## Task directions:
Pictures appear among the records below and must be omitted. Repeat exactly the lines from the line with "Hello, my name" to the line with "From Menindee we", both included.

## Data supplied:
····················

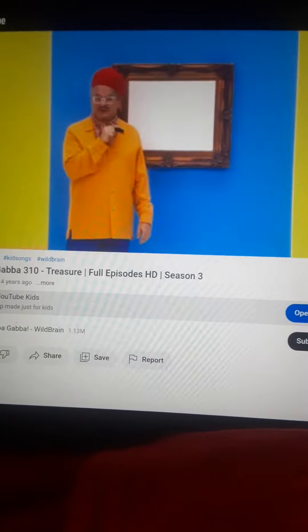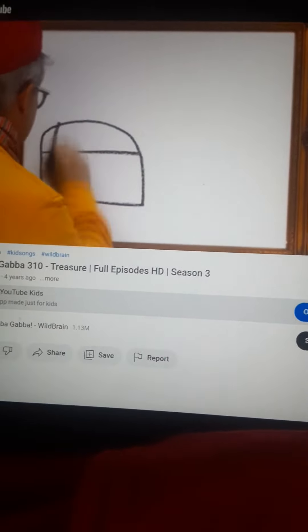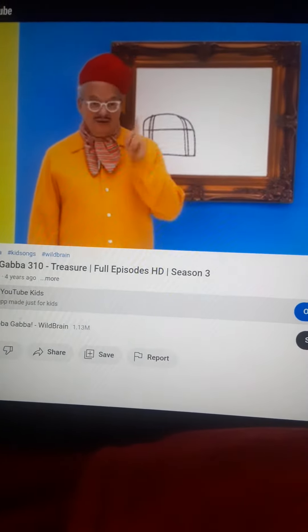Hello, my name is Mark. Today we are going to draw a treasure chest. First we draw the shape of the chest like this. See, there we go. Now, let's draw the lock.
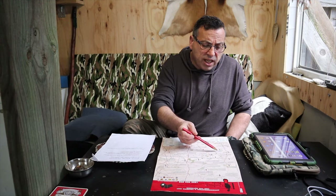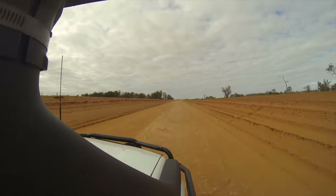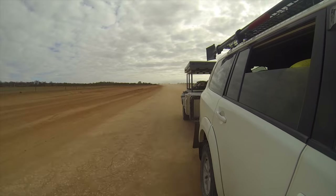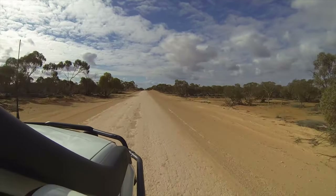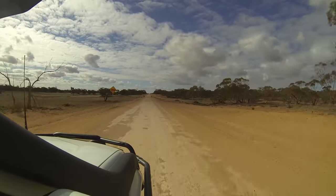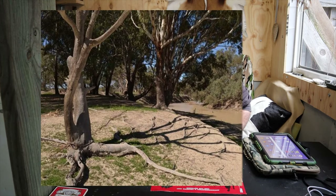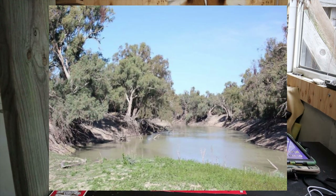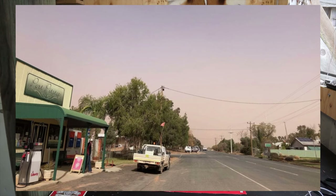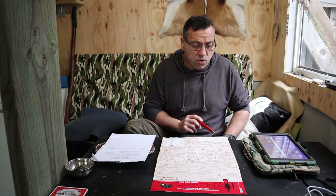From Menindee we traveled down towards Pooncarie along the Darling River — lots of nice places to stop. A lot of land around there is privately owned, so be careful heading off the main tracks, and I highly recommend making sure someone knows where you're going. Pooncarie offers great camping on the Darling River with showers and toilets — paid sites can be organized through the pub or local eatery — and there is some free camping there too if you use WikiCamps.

····················

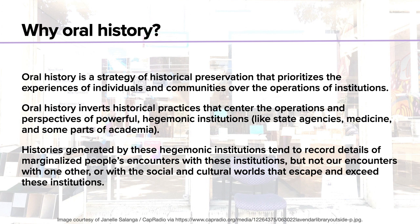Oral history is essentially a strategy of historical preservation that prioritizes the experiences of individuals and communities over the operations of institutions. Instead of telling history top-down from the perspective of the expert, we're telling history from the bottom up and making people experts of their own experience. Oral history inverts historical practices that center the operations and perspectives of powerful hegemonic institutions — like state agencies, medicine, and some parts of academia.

····················

## Reply to the task:
Hello, my name is Mark. Today we are going to draw a treasure chest. First we draw the shape of the chest like this. See, there we go. Now, let's draw the lock.
From Menindee we traveled down towards Pooncarie along the Darling River — lots of nice places to stop. A lot of land around there is privately owned, so be careful heading off the main tracks, and I highly recommend making sure someone knows where you're going. Pooncarie offers great camping on the Darling River with showers and toilets — paid sites can be organized through the pub or local eatery — and there is some free camping there too if you use WikiCamps.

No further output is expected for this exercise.